Radicalization Watch 2

Posted on Friday 11 August 2006

Mark Schmitt gets shrill:

Can someone explain what Senator Lieberman could possibly mean when he says the following:

“I’m worried that too many people, both in politics and out, don’t appreciate the seriousness of the threat to American security and the evil of the enemy that faces us — more evil, or as evil, as Nazism and probably more dangerous than the Soviet Communists we fought during the long Cold War,” Mr. Lieberman said.

First, there’s no antecedent to the word “threat” or “enemy” so we have no idea what threat he’s referring to. Is it al-Qaeda alone? Al-Qaeda plus Hezbollah and Hamas, plus Syria and Ahmadinejad? Or that thing out there that Little Green Footballs the President now calls “Islamic fascists”?

Who knows. But under any possible definition of “threat” or “enemy” it cannot possibly be as dangerous than the Soviet Union at the peak of the Cold War, with multiple thermonuclear devices pointed at every one of our cities and towns. And, I don’t know exactly how to score “evilness,” but not much matches Hitler. I suppose in some way bin Laden and Zawahiri’s hearts may be as filled with evil as Hitler’s or Stalin’s, but they don’t have the SS and Luftwaffe at their disposal. Maybe they would send us all to concentration camps if they controlled half of Europe, but thankfully, they live in caves and can’t use the phone. Is Ahmadinejad “more evil, or as evil” as Hitler? Maybe the potential is there, with his holocaust denial and all that, but so far it’s mostly talk.

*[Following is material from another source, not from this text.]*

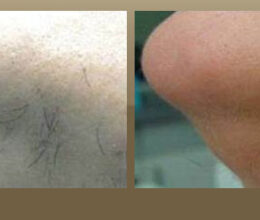 laser hair removal west hollywood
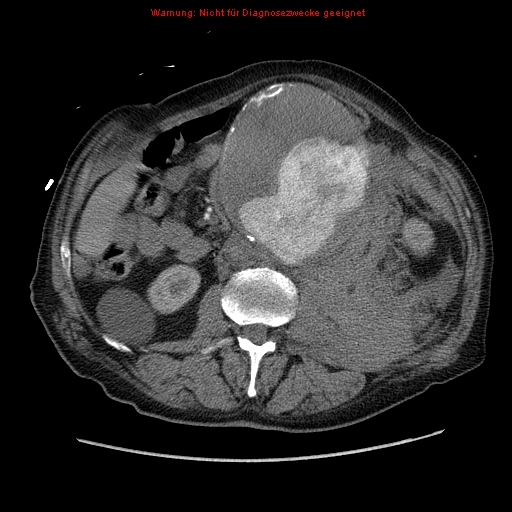 File:Abdominal aortic aneurysm- extremely large, ruptured (Radiopaedia 19882-19921 Axial C+ arterial phase 32).jpg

I’m sorry, but this is just a deranged, or at best deeply confused and manic, thing to say. It shows a lack of perspective and reality and responsibility, even in its lack of clarity about what exactly the threat is and how to defeat it. Why does anyone accept that this kind of blather can be considered taking the threat more “seriously”? It’s not. It’s hugely unserious in its trivialization of the great moral challenges of the Twentieth Century and it’s bald politicization of the current challenge.

And here’s Matt Yglesias on the islamofascist label:

the main idea here seems to be that we need a proper noun to describe our foes. The noun ought to be pejorative, and it ought to include “Islam” or some equivalent. There’s not really any precedent for this sort of thing. We called the Nazis “Nazis” because that was the name of the Nazi Party. We didn’t feel the need to call them “Germano-Nazis” to remind ourselves that they were German. What we certainly didn’t do was take a term that already had bad connotations — “Bolsheviks,” say — and then call the Nazis “Germano-Bolsheviks” in order to make clear that we were talking about Germans rather than Russians. That would be nonsense. Al-Qaeda’s doctrine and methods have almost nothing in common with those of the National Socialist German Workers Party. Calling its followers “Islamo-Nazis” clarifies absolutely nothing.

Obfuscation, rather than clarification, was the goal to begin with.